The challenge to pray is oftentimes found in the fallen definition we give to it. We think that prayer only works when we get what we want. If we ask for something in prayer, then God is supposed to give it to us. If we don’t receive what we ask for, then – we think – prayer doesn’t work. What’s the point?

If we allow ourselves to grow beyond our fallen definition of prayer and seek divine wisdom, we receive a very different understanding of prayer. Prayer is about communion with God, about speaking and listening to him. Prayer is about being with God. It’s about being taught by him and learning his ways.

While the heart of prayer is union with God, petition and supplication are a part of prayer. It’s good for us to ask God for what we need. There are times in which what we ask for is in accord with God’s will. Just as there are times when God’s will points us in a different direction from what we ask of him. Our task is to accept the answer he gives, whether it matches our request or not.

With this understanding, we can rejoice in prayer knowing that the outcome is not our responsibility. All will end well by God’s providence.

The Catechism of the Catholic Church records times in which the Lord Jesus answered prayers during his public ministry: “Prayer to Jesus is answered by him already during his ministry, through signs that anticipate the power of his death and Resurrection: Jesus hears the prayer of faith, expressed in words (the leper, Jairus, the Canaanite woman, the good thief) or in silence (the bearers of the paralytic, the woman with a hemorrhage who touches his clothes, the tears and ointment of the sinful woman).”

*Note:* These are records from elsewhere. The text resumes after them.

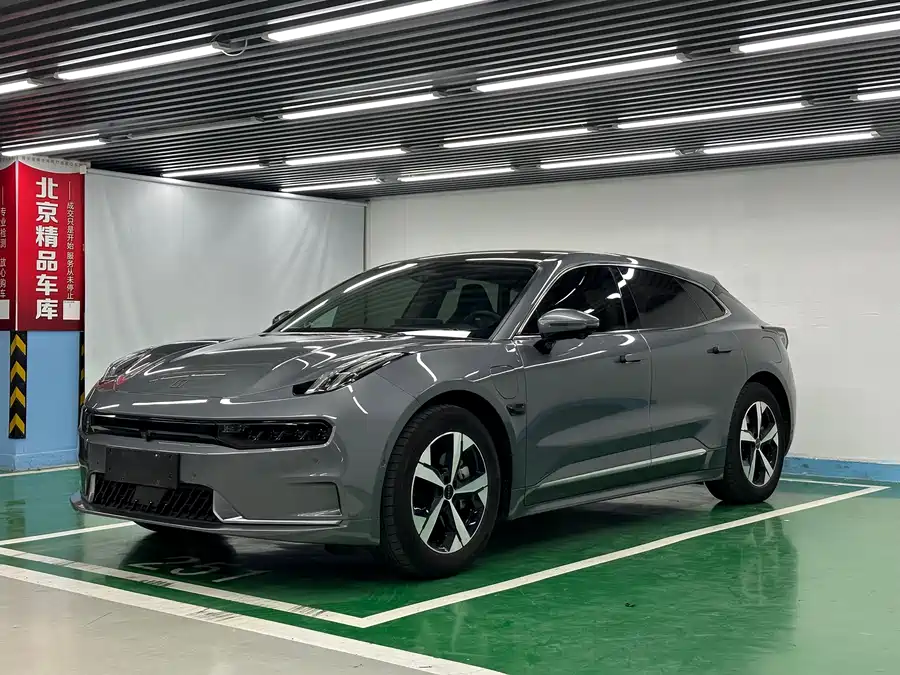 Zeekr 001 2022 Long Range Single Motor WE Edition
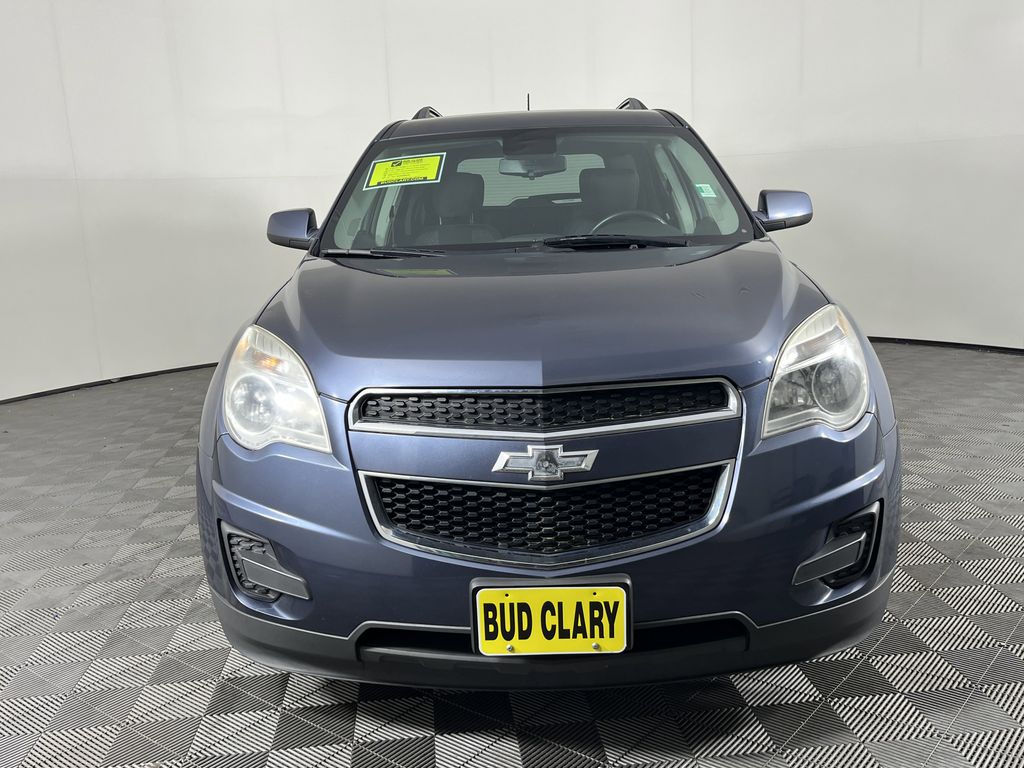 Used 2014 Chevrolet Equinox 1LT with VIN 2GNFLFEK5E6281572 for sale in Washougal, WA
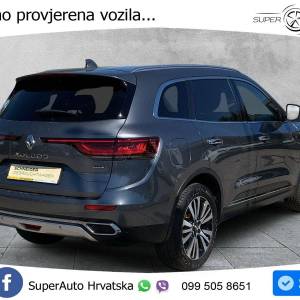 Renault Koleos 2.0 DCI 4WD Initiale Paris 184 KS, LED+ACC+4xGR SJED+VIRT+HEAD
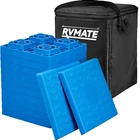 12 Pack Leveling Blocks, Camper Trailer Levelers For Rvs New. Price: $61.46.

The Catechism is keen to stress that the answered prayers of the Lord Jesus during his earthly ministry were all in service to the Resurrection. The prayers were answered according to the requests of the petitioner so that these answered prayers could “anticipate the power of His death and Resurrection.”

Miracles, signs, wonders, and healings are all in service to the Resurrection, as the promise and hope for eternal life. God’s perspective is eternal. When things are given to us in this life, they are meant to point us to eternal things.

The Catechism continues by pointing out: “The urgent request of the blind men, ‘Have mercy on us, Son of David’ or ‘Jesus, Son of David, have mercy on me!’ has been renewed in the traditional prayer to Jesus known as the Jesus Prayer: ‘Lord Jesus Christ, Son of God, have mercy on me, a sinner!’”

Here again the blind men are healed and given their sight as a sign of the validity and credibility of God’s mercy. The earthly blessing is meant to direct us to the heavenly blessing.

Understandably, we focus on the things of this world, but God and his actions among us are constantly trying to guide us to see heavenly things and to approach the things of this world from the light of eternity.

The Catechism isn’t done with this point and explains further: “Healing infirmities or forgiving sins, Jesus always responds to a prayer offered in faith: ‘Your faith has made you well; go in peace.’”

It is faith that must be nourished since it is faith that allows us to see everlasting realities. Faith allows us to see things from the perspective of God. And so, healings are given so that faith might be strengthened and encouraged. The healing isn’t given as a good in itself. It is in service to faith and its work in opening up an eternal horizon to us.

On this point, the Catechism quotes the Doctor of Grace: “St. Augustine wonderfully summarizes the three dimensions of Jesus’ prayer: ‘He prays for us as our priest, prays in us as our Head, and is prayed to by us as our God. Therefore let us acknowledge our voice in him and his in us.’”

Saint Augustine shows us the different aspects of prayer and the ways in which the Lord Jesus desires to work in us and through us. The focus is the transformation of our minds and hearts to the heavenly realities of life. Eternity is the goal. The Lord, therefore, comes to us as priest. He is our head. And he is our God.

As priest, head, and God, he invites us to pray in him. Our voice is spoken in him and – to our great amazement – His voice is spoken in us. In this exchange, we enter into a union with him. Such a union begins here and reaches fulfillment in heaven.